::: The records :::

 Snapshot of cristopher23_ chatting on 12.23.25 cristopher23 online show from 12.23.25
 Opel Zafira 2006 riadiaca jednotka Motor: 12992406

:::
::: The records :::

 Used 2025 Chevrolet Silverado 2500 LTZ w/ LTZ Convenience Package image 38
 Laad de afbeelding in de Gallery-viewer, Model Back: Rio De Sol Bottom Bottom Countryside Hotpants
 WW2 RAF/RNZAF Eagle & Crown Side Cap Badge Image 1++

:::

[How to complete this task]:
Look above for the line containing "Snapshot of cristopher23_" and the line containing "Opel Zafira 2006". Transcribe both, with the lines between them, exactly.

[Task result]:
 Snapshot of cristopher23_ chatting on 12.23.25 cristopher23 online show from 12.23.25
 Opel Zafira 2006 riadiaca jednotka Motor: 12992406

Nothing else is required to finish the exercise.